The novel’s foremost concerns are cool and structural, coming more from the concepts than the characters: the mechanics and internal consistency of imaginary worlds, the ways our own memories and imaginative constructions of ourselves and others mingle and mesh. But Yu’s style is loose, full of jokes and quips, and occasionally evokes the chummy, self-deprecating humor of a ‘bromance’ movie (lowbrow, maybe, but never mean-spirited) when not looping into clever mashups of physics-jargon and sci-fi references. It feels out of step somehow with the novel’s other facets and concerns, almost too confessional, first-person and conversational, interjected as it is with slapstick moments and spells of over-earnest pathos in the depiction of Yu’s relationship with his lost father.

The younger Yu’s search for his father, and the burden of memory this search comes from, forms the emotional core of How to Live Safely in a Science Fictional Universe. And while it does much to bring the book down to earth, this narrative line—interspersed flashbacks and snippets of memory—seems out of touch with the nebulous, conceptual, and half-serious components of the novel. Details feel half-sketched and little in the book is easy to see happening—even in a science fictional universe.

But this is as follows, Yu explains, because it all takes place in “Minor Universe 31,” a sort of discarded half-creation. Whether or not you get a kick out of seeing Yu play with layers of narrative and metanarrative is largely whether you’ll enjoy the book or not. For me, even if repairman Yu’s dog is described in the book as “imaginary” I wanted it to have enough substance and characterizing detail that I could at least for a moment forget I was reading words on a page by an author named Charles Yu. I never did. Unlike Yu the time-traveler who gets lost in time, I never got lost in How to Live Safely in a Science Fictional Universe.

With that said, there are real rewards in this novel—Yu’s meandering-yet-high-powered musings on the nature of time, memory, nostalgia, subjectivity, self-deception, and connection.
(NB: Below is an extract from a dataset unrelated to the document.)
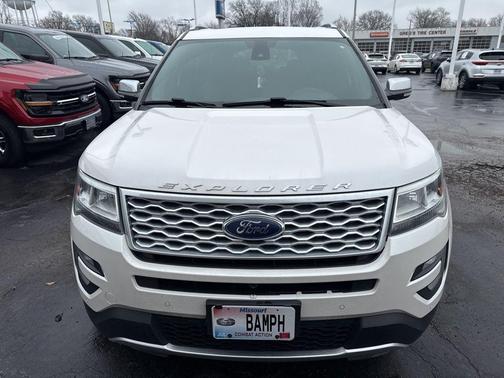 2017 Ford Explorer Platinum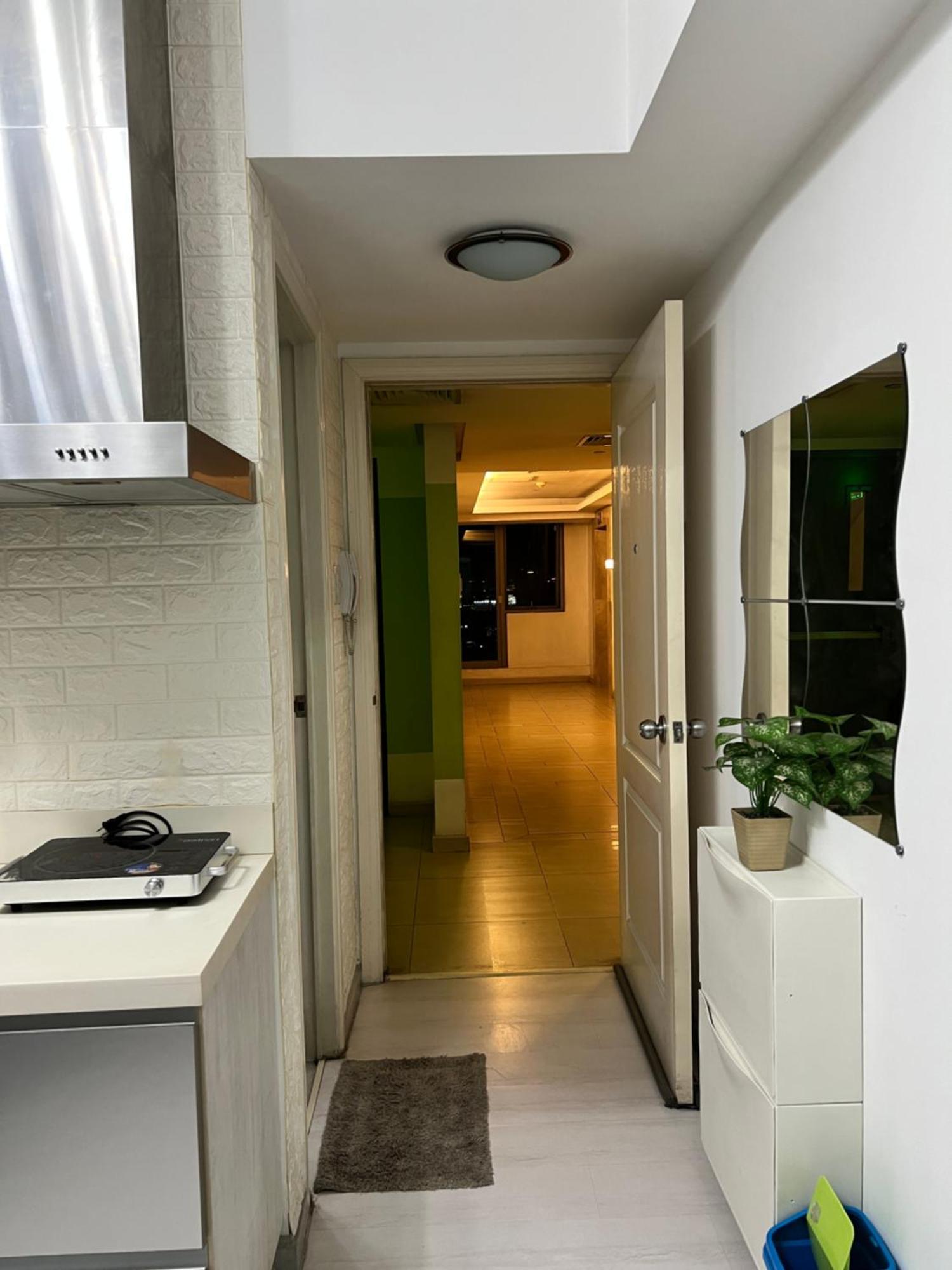 Gv Pied A Terre Azure Santorini Tower Apartment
The book often feels like a sort of mixtape, where several books written in different genres by possible Charles Yus in alternate time-streams become stitched together by the Charles Yu in this universe, a writer born in 1976 in Los Angeles. The Charles Yu in this universe could be doing much less risky things than he’s doing with his writing. Regardless of whether it pleases everyone, it’s a very good thing that he isn’t.